| Exercise requirements |
Find the number of lines containing the string "Used" in the data. Answer with the number by itself.

| Records for this exercise |

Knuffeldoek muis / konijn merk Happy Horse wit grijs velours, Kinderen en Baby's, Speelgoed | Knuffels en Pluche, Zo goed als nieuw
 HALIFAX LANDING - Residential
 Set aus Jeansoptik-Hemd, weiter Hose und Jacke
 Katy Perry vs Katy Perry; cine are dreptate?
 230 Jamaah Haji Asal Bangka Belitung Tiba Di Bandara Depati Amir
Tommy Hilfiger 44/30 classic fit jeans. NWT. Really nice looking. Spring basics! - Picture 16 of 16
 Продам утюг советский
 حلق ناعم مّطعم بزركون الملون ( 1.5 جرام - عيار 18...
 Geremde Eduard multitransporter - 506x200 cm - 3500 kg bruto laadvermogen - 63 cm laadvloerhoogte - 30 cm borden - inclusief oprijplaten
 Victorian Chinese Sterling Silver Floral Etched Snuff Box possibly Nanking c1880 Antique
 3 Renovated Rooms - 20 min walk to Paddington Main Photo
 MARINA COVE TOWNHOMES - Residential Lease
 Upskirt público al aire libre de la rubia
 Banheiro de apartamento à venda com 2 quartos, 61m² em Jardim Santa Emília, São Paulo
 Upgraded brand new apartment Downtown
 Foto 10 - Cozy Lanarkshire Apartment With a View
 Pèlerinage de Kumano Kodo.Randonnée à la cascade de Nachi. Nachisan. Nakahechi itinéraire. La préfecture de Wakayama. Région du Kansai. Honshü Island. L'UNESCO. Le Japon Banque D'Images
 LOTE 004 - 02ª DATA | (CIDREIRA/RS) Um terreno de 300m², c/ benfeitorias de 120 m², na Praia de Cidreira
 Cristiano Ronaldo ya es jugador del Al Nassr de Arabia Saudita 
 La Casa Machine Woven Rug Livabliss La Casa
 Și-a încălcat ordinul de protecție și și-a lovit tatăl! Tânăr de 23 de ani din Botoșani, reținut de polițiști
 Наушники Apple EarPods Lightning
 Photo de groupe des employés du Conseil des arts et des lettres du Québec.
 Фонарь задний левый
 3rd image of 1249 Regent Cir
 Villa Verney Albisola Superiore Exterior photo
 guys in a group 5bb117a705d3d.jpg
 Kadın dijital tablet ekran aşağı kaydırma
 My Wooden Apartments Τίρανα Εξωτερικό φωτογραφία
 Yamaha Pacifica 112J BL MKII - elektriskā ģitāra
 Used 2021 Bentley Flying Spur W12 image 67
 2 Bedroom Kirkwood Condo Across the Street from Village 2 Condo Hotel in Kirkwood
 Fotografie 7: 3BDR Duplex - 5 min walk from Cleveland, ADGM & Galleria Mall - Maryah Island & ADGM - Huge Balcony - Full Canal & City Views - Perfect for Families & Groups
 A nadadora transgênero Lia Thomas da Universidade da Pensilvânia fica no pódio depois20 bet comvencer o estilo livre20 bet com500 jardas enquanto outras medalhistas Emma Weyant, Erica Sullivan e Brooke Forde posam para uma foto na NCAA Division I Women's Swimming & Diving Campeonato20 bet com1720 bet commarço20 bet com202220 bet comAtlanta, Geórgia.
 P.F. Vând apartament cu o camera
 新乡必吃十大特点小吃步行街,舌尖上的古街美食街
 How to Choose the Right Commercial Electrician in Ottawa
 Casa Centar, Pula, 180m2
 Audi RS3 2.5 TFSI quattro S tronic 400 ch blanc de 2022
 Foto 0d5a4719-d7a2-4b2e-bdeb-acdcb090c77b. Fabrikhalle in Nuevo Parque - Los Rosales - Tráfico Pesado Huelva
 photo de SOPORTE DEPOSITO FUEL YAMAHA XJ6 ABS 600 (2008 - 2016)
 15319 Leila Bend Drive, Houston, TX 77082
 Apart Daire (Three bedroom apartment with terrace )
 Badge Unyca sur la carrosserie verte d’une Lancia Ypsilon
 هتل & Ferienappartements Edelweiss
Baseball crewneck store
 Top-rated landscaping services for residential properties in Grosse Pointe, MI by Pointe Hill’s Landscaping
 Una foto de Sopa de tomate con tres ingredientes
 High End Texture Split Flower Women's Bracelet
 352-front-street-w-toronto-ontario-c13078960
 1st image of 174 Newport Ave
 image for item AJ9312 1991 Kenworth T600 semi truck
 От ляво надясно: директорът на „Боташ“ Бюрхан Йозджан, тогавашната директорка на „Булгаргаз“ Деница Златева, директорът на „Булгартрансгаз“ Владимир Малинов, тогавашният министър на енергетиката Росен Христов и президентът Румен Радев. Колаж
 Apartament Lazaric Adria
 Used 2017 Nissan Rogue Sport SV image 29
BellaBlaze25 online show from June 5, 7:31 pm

| Result below |
2